Using the data below, print exactly the line with "Antique Victorian Bone", the line with "Framed Golden Gate", and every line between them, but none of the pictures.
BEGIN SOURCE DATA
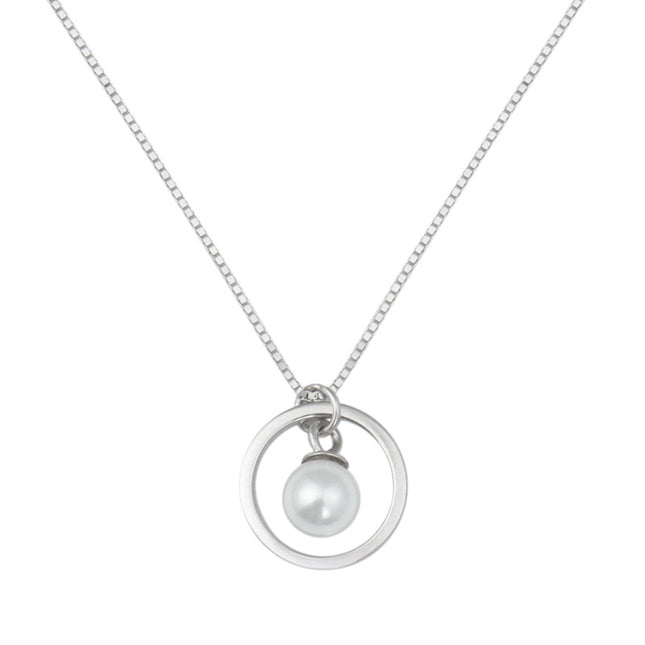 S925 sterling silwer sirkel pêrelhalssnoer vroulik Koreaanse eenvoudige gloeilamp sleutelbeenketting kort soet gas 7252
END SOURCE DATA
BEGIN SOURCE DATA
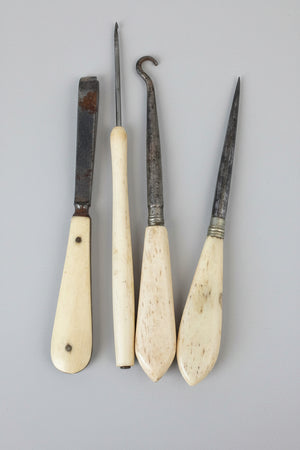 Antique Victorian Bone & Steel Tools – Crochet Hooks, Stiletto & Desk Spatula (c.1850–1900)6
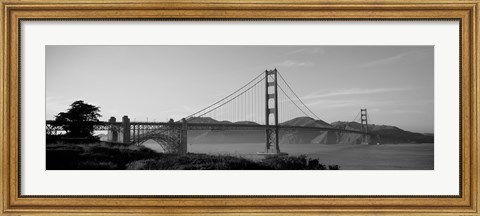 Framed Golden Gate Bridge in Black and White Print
END SOURCE DATA
| WRITTEN RESPONSE |
 Antique Victorian Bone & Steel Tools – Crochet Hooks, Stiletto & Desk Spatula (c.1850–1900)6
 Framed Golden Gate Bridge in Black and White Print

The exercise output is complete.